WORK REQUEST
Would you restate all of the entries verbatim, minus any images?

** STORED DATA follows **

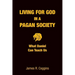 Living for God in a Pagan Society: What Daniel Can Teach Us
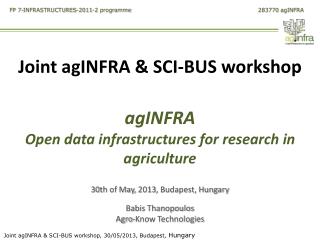 Joint agINFRA &amp; SCI-BUS workshop agINFRA Open data infrastructures for research in agriculture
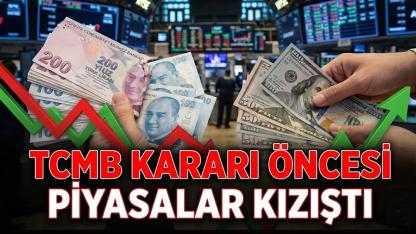 TCMB Kararı Öncesi Piyasalar Kızıştı: Döviz ve Altında Hareket Başladı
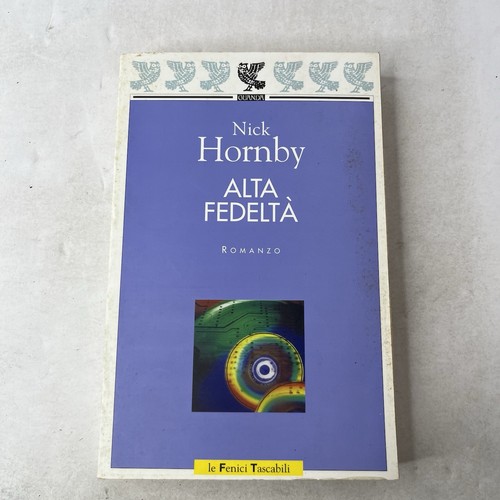 Nick hornby alta fedeltà - nick,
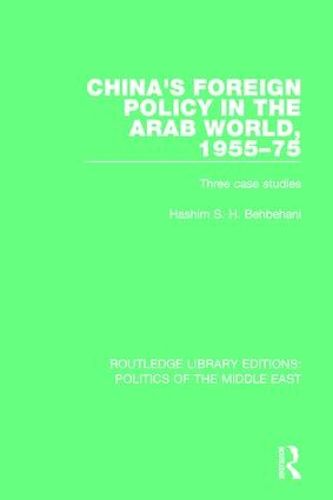 Cover image for China's Foreign Policy in the Arab World, 1955-75: Three case studies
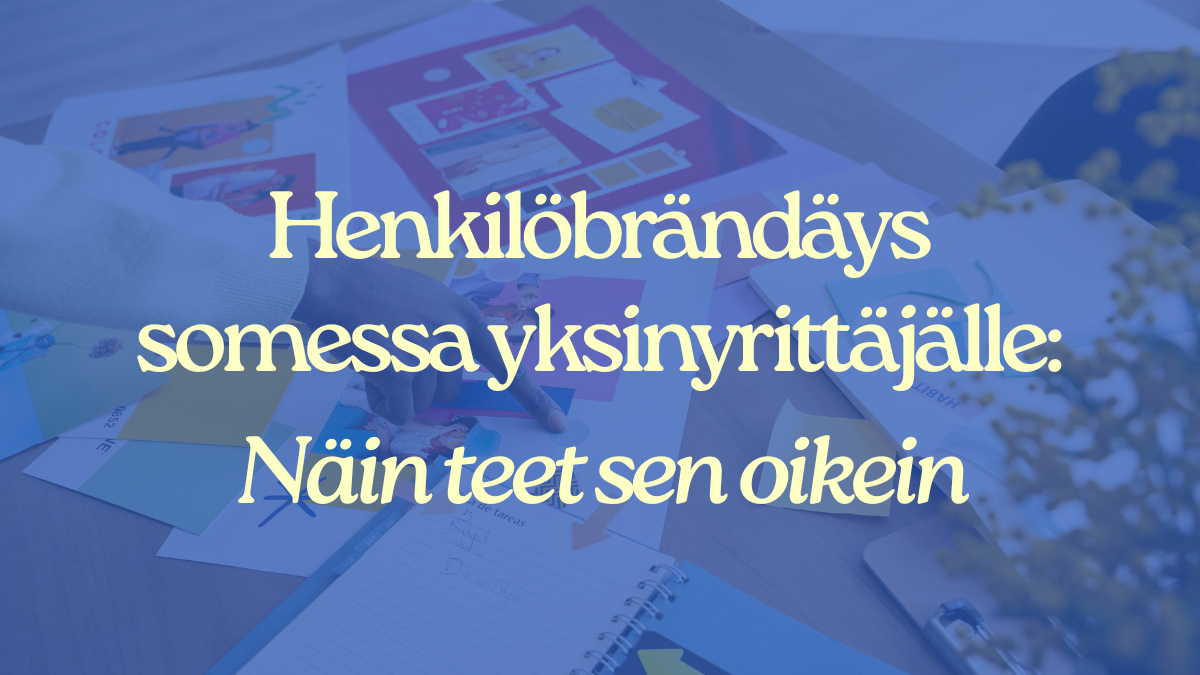 Henkilöbrändäys somessa yksinyrittäjälle: Näin teet sen oikein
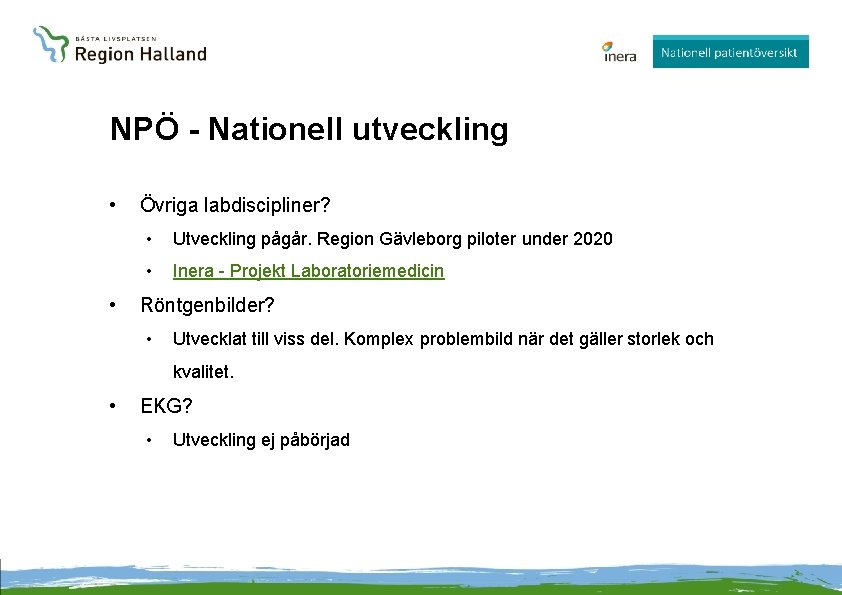 NPÖ - Nationell utveckling • • Övriga labdiscipliner? • Utveckling pågår. Region Gävleborg piloter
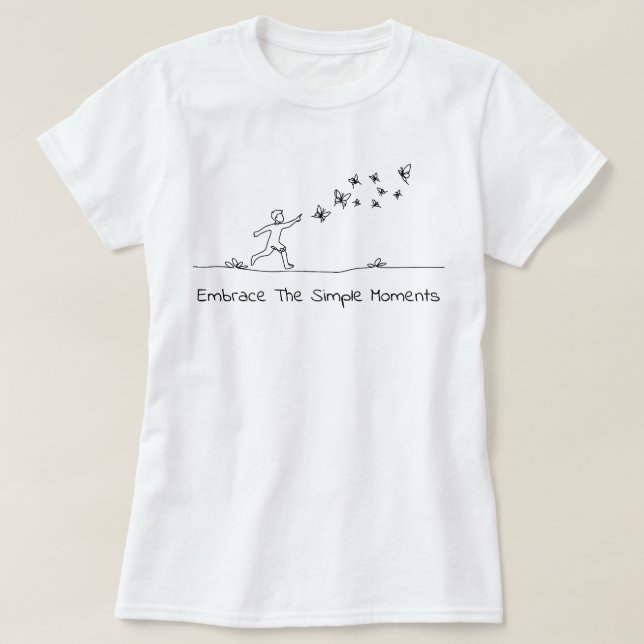 Die einfachen Momente einbinden - Kinder spielen d T-Shirt (Design vorne)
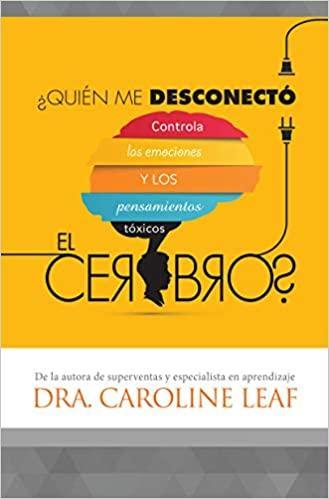 ¿Quién me desconectó el cerebro? - Dra. Caroline Leaf - Pura Vida Books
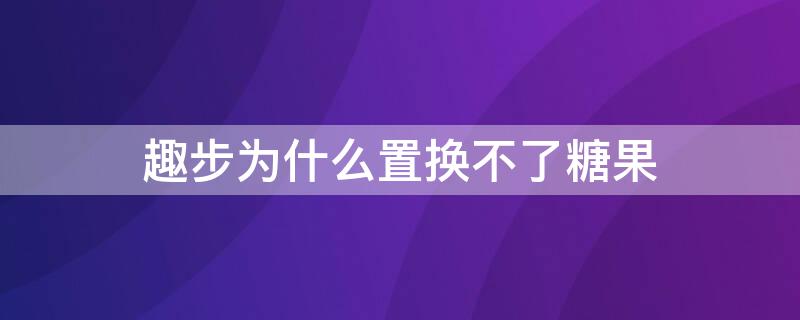 趣步为什么置换不了糖果 趣步里面的糖果为什么兑换不了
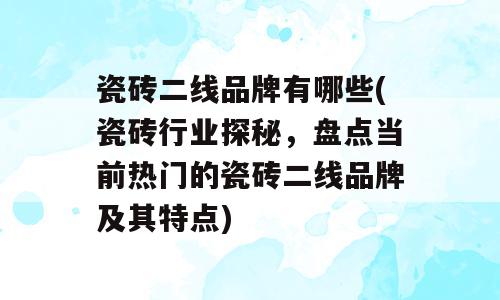 瓷砖二线品牌有哪些(瓷砖行业探秘，盘点当前热门的瓷砖二线品牌及其特点)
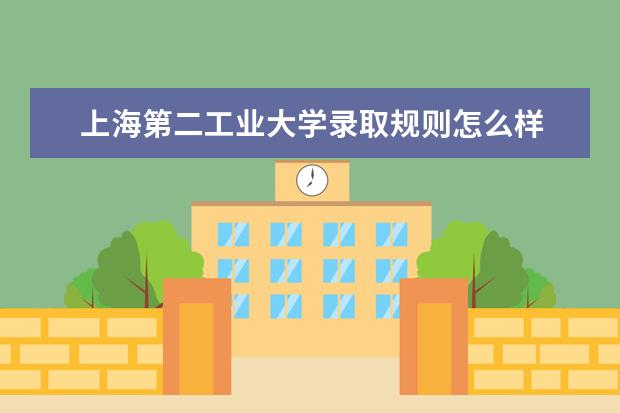 上海第二工业大学录取规则怎么样 上海第二工业大学就业状况如何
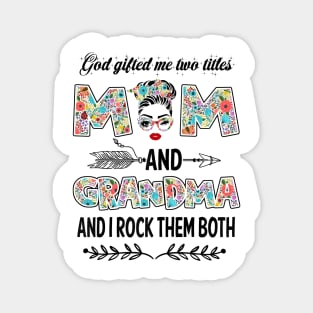 God Gifted Me Two Titles Mom And Grandma Flower Gift Magnet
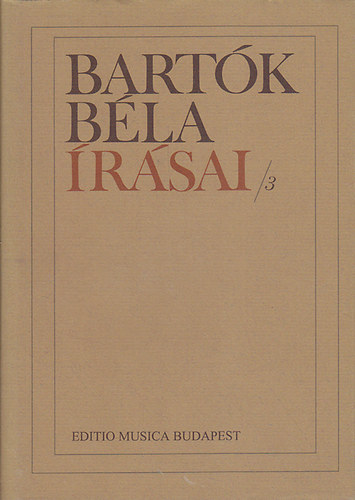 Lampert Vera (szerk.) - Bartk Bla rsai 3.: rsok a npzenrl s a npzenekutatsrl I.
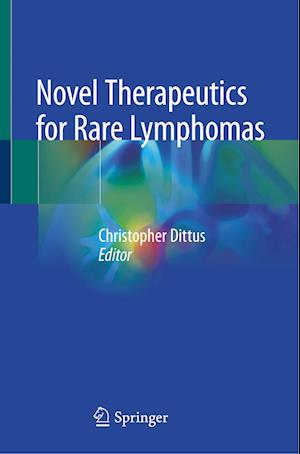 Novel Therapeutics for Rare Lymphomas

** End of STORED DATA **

RESPONSE TO THIS EXERCISE
 Living for God in a Pagan Society: What Daniel Can Teach Us
 Joint agINFRA &amp; SCI-BUS workshop agINFRA Open data infrastructures for research in agriculture
 TCMB Kararı Öncesi Piyasalar Kızıştı: Döviz ve Altında Hareket Başladı
 Nick hornby alta fedeltà - nick,
 Cover image for China's Foreign Policy in the Arab World, 1955-75: Three case studies
 Henkilöbrändäys somessa yksinyrittäjälle: Näin teet sen oikein
 NPÖ - Nationell utveckling • • Övriga labdiscipliner? • Utveckling pågår. Region Gävleborg piloter
 Die einfachen Momente einbinden - Kinder spielen d T-Shirt (Design vorne)
 ¿Quién me desconectó el cerebro? - Dra. Caroline Leaf - Pura Vida Books
 趣步为什么置换不了糖果 趣步里面的糖果为什么兑换不了
 瓷砖二线品牌有哪些(瓷砖行业探秘，盘点当前热门的瓷砖二线品牌及其特点)
 上海第二工业大学录取规则怎么样 上海第二工业大学就业状况如何
 God Gifted Me Two Titles Mom And Grandma Flower Gift Magnet
 Lampert Vera (szerk.) - Bartk Bla rsai 3.: rsok a npzenrl s a npzenekutatsrl I.
 Novel Therapeutics for Rare Lymphomas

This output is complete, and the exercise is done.